TASCHEN’s Helen Turner reviews the artist’s most comprehensive show to-date
To describe the Tate’s new David Hockney retrospective as ‘much-anticipated’ is an understatement. Suspense surrounding the blockbuster show has been escalating since the Royal Academy’s 82 Portraits and 1 Still-Life exhibition in summer 2016 - shifting to fever pitch with the autumn launch of TASCHEN’s SUMO-sized monograph David Hockney: A Bigger Book.
Like A Bigger Book, the exhibition at Tate Britain spans 60 years of the artist’s career, from his early sketches as a student at the Royal College of Art to his recent experiments with iPad artwork.
In the first couple of rooms, the Tate invites visitors to consider Hockney’s inquisitive approach to picture-making and constant curiosity towards perspective, abstraction, and spatial awareness. Works such as Tea Painting in an Illusionistic Style from 1961 play with the physical flatness of canvas and its potential to reveal further space within a picture, while the artist’s ‘domestic scenes’ of the early ‘60s examine the relationships between couples and their surroundings. This theme continues with the dual portraits, including the static yet enthralling American Collectors (Fred and Marcia Weisman), which are displayed later in the show.

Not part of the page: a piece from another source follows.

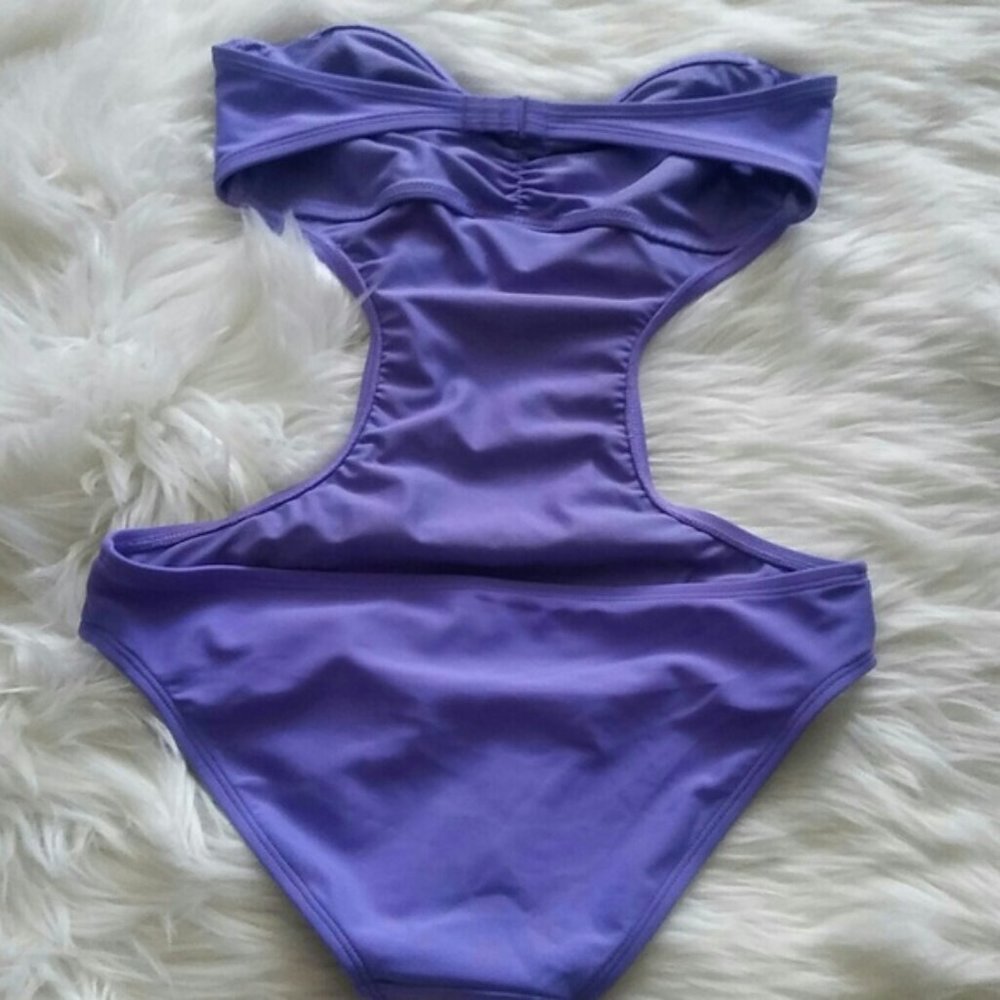 New Aerie Beaded Purple Pucker One-Piece Swimsuit - Picture 5 of 8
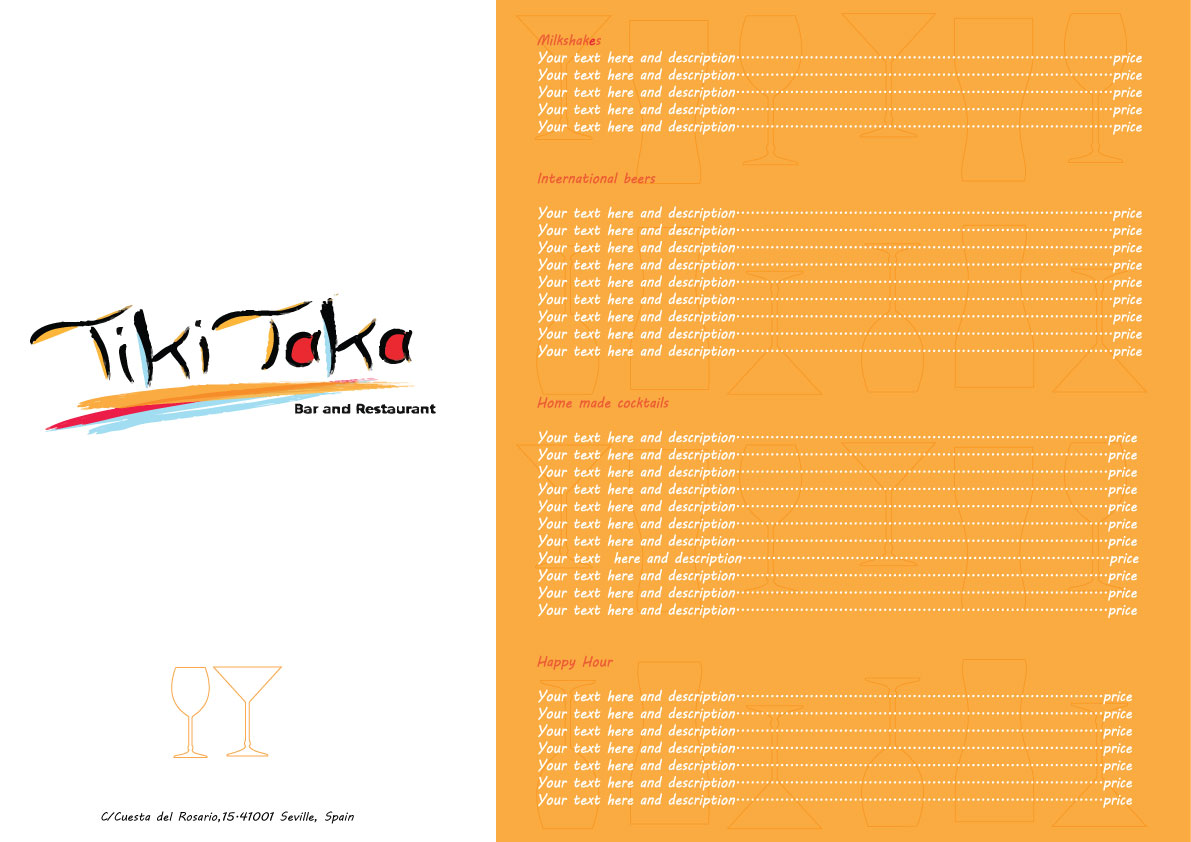 Menu Design by Peonie for TikiTakaBar | Design #1944222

Once these poised works are left behind, David Hockney swerves towards the artist’s fearless use of colour and medium experimentation. Visitors will probably be most familiar with the sexy warmth of the Los Angeles swimming pool compositions, which seem to radiate both heat and moisture from their sun-kissed surfaces, but the East Yorkshire landscapes and meticulously planned composite Polaroids are just as electrifying in the flesh.
Though they may lack the vibrancy of his enormous impasto canvases, Hockney’s drawings are a graphic tour de force. A number of exquisite sketches, including a graphite and coloured-crayon portrait of Andy Warhol in Paris, 1974, are displayed alongside self-portraits in which Hockney has captured his distinct look in just a few delicate lines. His 1983 charcoal self-portrait created using the camera lucida technique reminds us how much this contemporary icon has probed Old Master techniques in his relentless interrogation of looking and showing.
Hockney recently described many of his earlier works as ‘old friends’, and with his 80th birthday on the horizon, this astonishing exhibition – Hockey’s largest to-date – promises quite the exhilarating party and a major success in the international art calendar.
David Hockney opened at Tate Britain on 9th February and will run until 29th May, before travelling to the Centre Pompidou in Paris and the New York Metropolitan Museum. All images are courtesy of the Tate.